The panel also rejects an argument that application of Younger to this case would abrade the organization’s First Amendment rights:

“New Georgia asserts that the First Amendment is just different—uniquely resistant to the principles of Younger and Hicks: ‘[T]his Court,’ New Georgia says, ‘has been particularly reluctant to order abstention based on post-filing events in cases . . . involving a facial or as-applied challenge to a state statute on First Amendment free speech grounds.’ Br. of Appellee at 23 (quotation marks omitted). And to be sure, we have recognized (albeit in dicta) that in the First Amendment context we can consider ‘the costs of duplication and delay caused by Younger as we calibrate how broadly or narrowly to define proceedings of substance on the merits under Hicks [v. Miranda, 422 U.S. 332 (1975)]’ . . . . Even so, we have clarified that ‘First Amendment concerns do not, in themselves, provide a federal court with justification for interfering with a pending state criminal proceeding’ . . . . And indeed, many of the decisions in which the Supreme Court recognized and then expanded abstention doctrine—including, most notably, Younger and Hicks—were First Amendment cases.”
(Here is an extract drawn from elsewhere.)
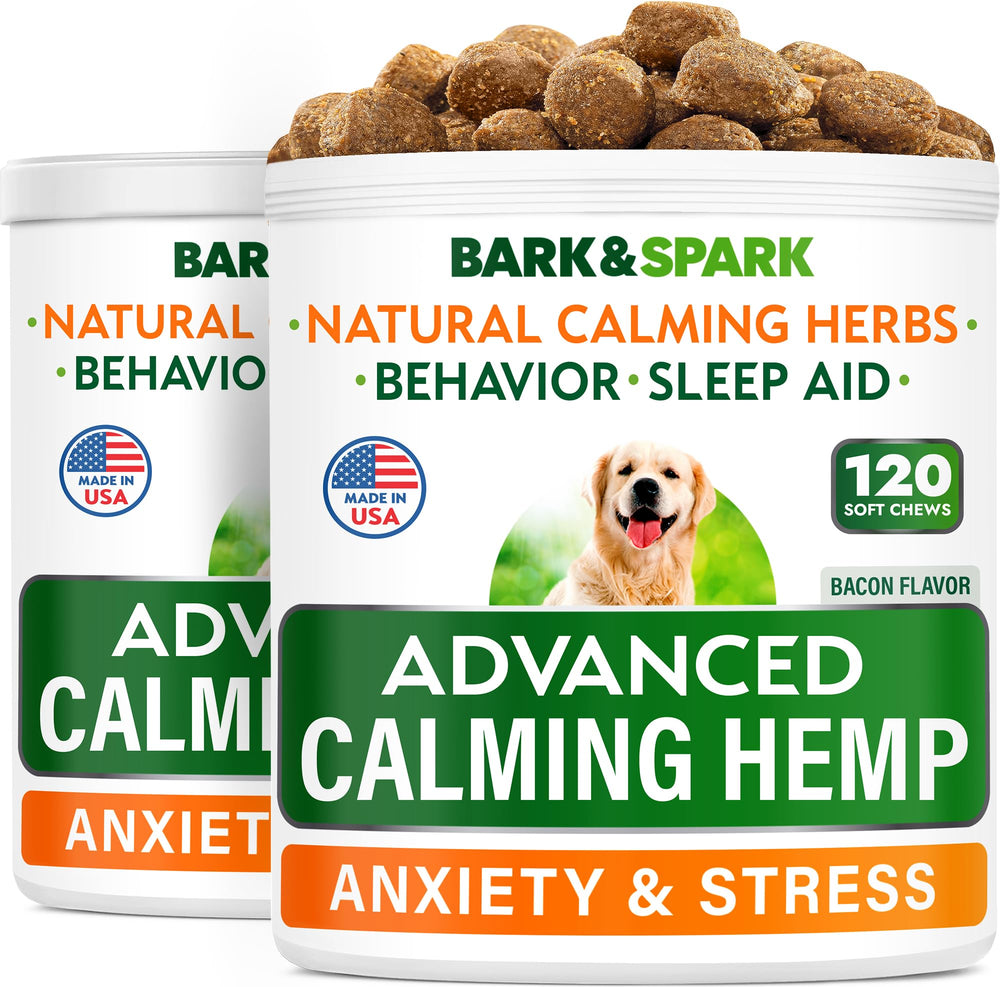 BARK&SPARK Advanced Calming Treats bag closeup for gentle calming support.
Judge Rosenbaum, concurring, accepts that the panel majority faithfully applies the prevailing Younger law, but worries that—over the decades—expansion of the doctrine has “prevent[ed] those who seek to exercise their right to engage in core political speech from meaningfully doing so” in the face of state law-enforcement actions. “In practice, this means that parties who want to vindicate their First Amendment right to speak may have to wait years before any institution considers that right.”
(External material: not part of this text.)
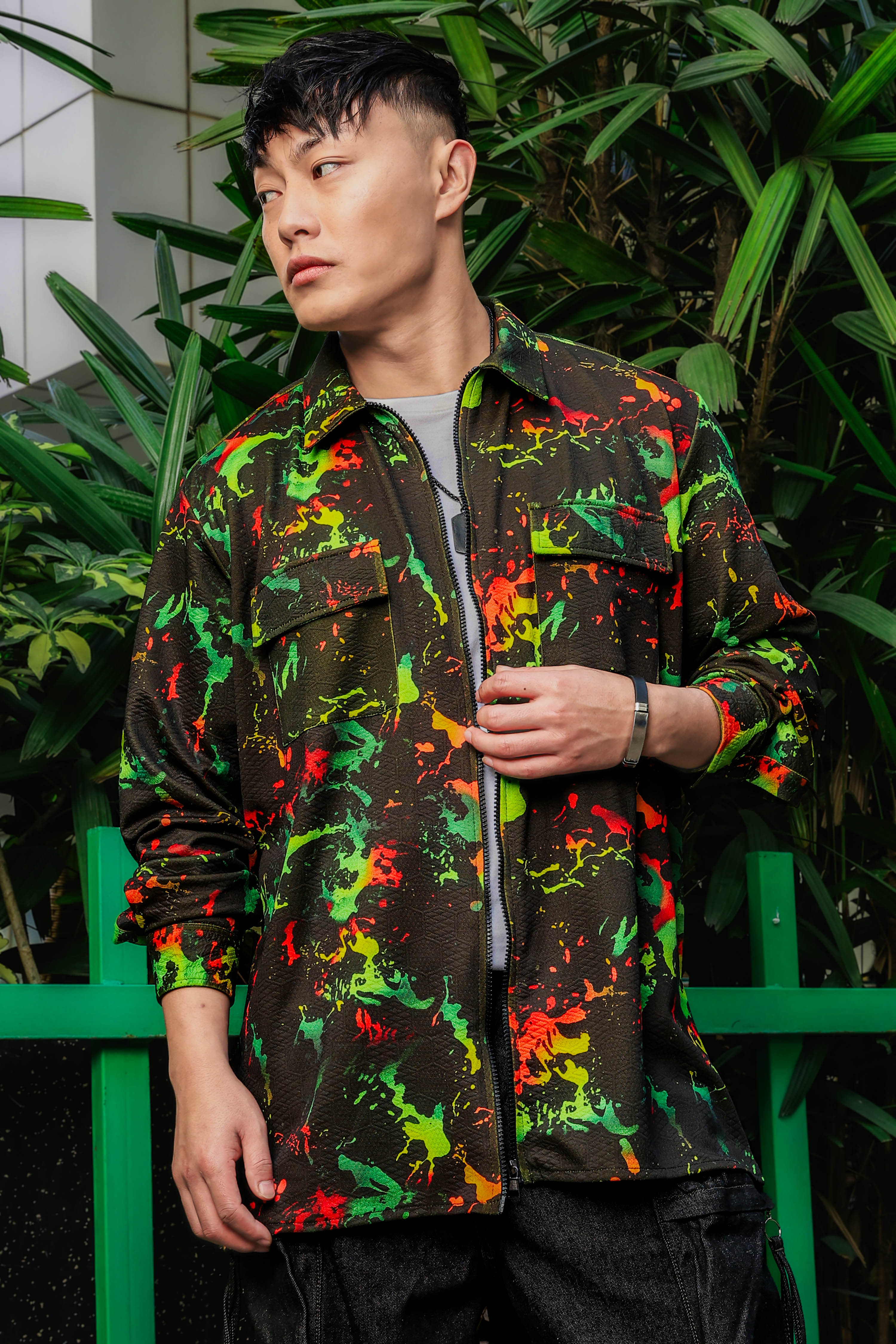 Black Abstract Printed Drop-Shoulder Relaxed Fit Shirt Zipper Shacket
“Take New Georgia Project as an example. It first asserted its First Amendment rights in 2019 when the Commission issued a subpoena for its financial records. But neither the Commission nor the Georgia state courts considered the merits of New Georgia’s First Amendment claim in the three years between that subpoena and the start of this suit. And now we are forced to abstain under Younger. So New Georgia Project must wait even longer before any institution considers its right to engage in core political speech— during an election, no less!”
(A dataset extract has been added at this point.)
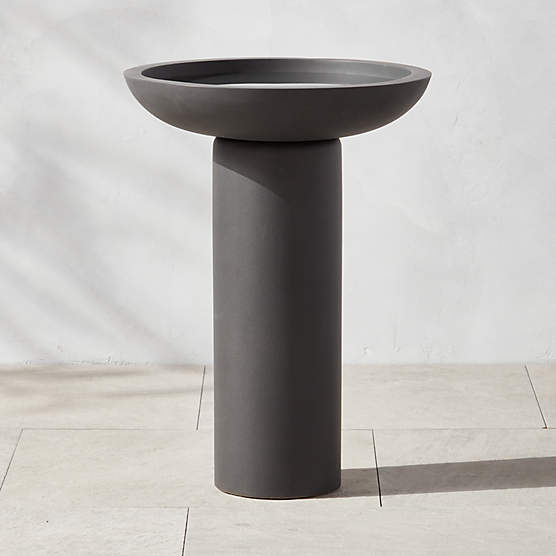 Flatform Charcoal Cement Birdbath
“In short, Younger has evolved to allow states to impose a state-exhaustion requirement on those trying to exercise core First Amendment rights. Perhaps we are meant to just put up with this result in the large majority of cases . . . . But in cases like this one, when the federal plaintiff seeks to vindicate its right to engage in political speech during election time, Younger silences that plaintiff—ironically in the name of federalism. In my view, it is time for the Younger doctrine to be reexamined.”